Anarchism and Other Essays, by Emma Goldman begins with a discussion about what anarchism really stands for. How befitting is it, as a philosophy based on liberty unrestricted by man-made law; the theory that all forms of government rest on violence, and are therefore wrong and harmful, as well as unnecessary.
Anarchism directs its forces against the third and greatest foe of all social equality; namely, the State, organized authority, or statutory law,—the dominion of human conduct. Just as religion has fettered the human mind, and as property, or the monopoly of things, has subdued and stifled man's needs, so has the State enslaved his spirit, dictating every phase of conduct. Also, this book mentions that law, instead of making man a whit more just, is making them more prone to finding solace in injustice. And by destroying government and statutory laws, Anarchism proposes to rescue the self-respect and independence of the individual from all restraint and invasion by authority. Anarchism, thus stands for liberation from the dominion of religion, from the dominion of property, and also from the shackles and restraint of government.

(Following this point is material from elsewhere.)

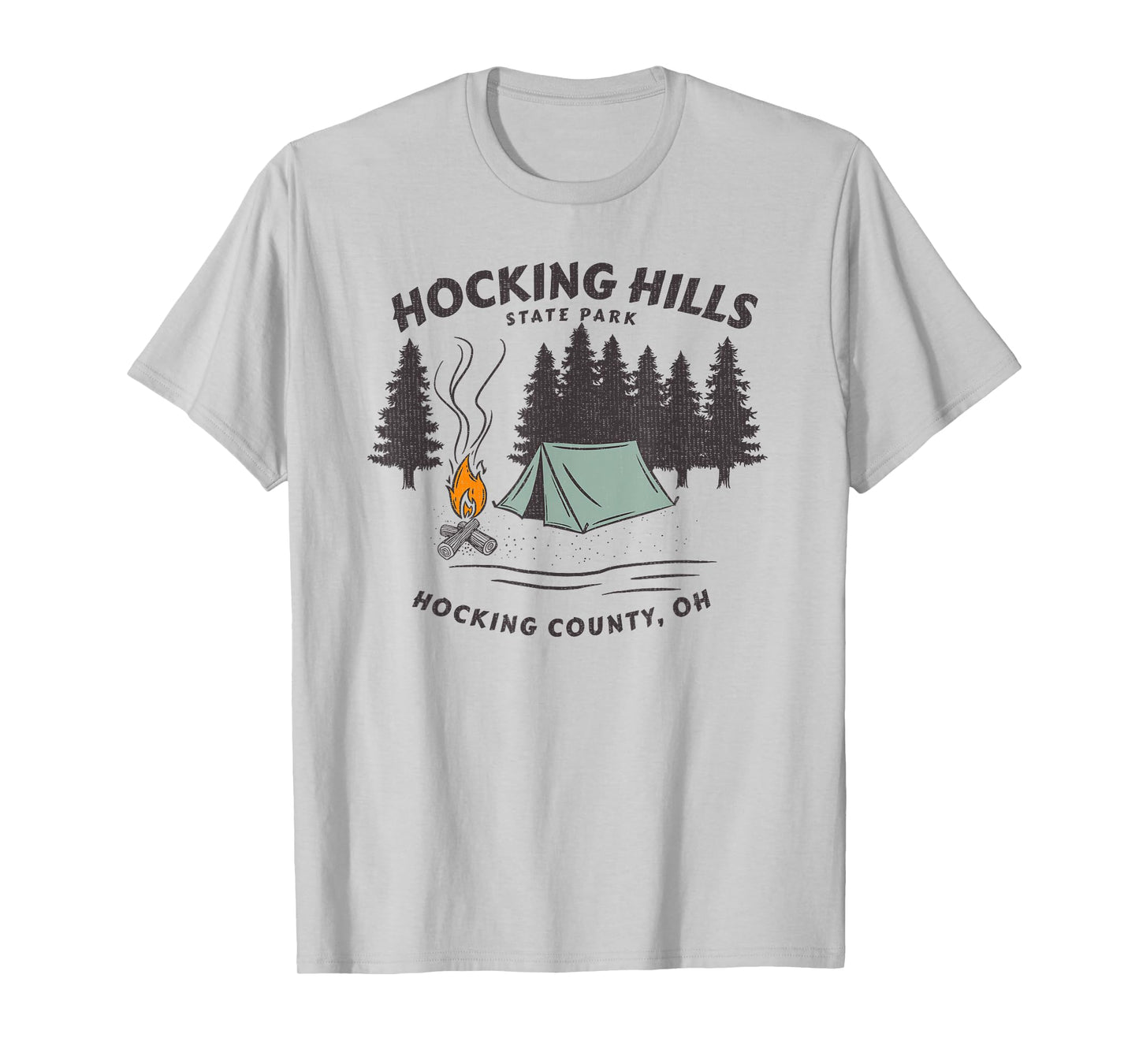 Retro Hocking Hills State Park Souvenir T-Shirt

Then come the other fundamental issues with politics. Political aspirants will find their path of good intentions full of pitfalls: wire-pulling, intriguing, flattering, lying, and cheating; in fact, chicanery of every description. Or they will feel intimidated by the tyranny of a compromising majority or a stubborn minority. Or how unsettling is patriotism, as a menace to liberty.
Discussions on prostitution, women’s suffrage, marriage, love and issues of emancipation of women, bring the book to a close.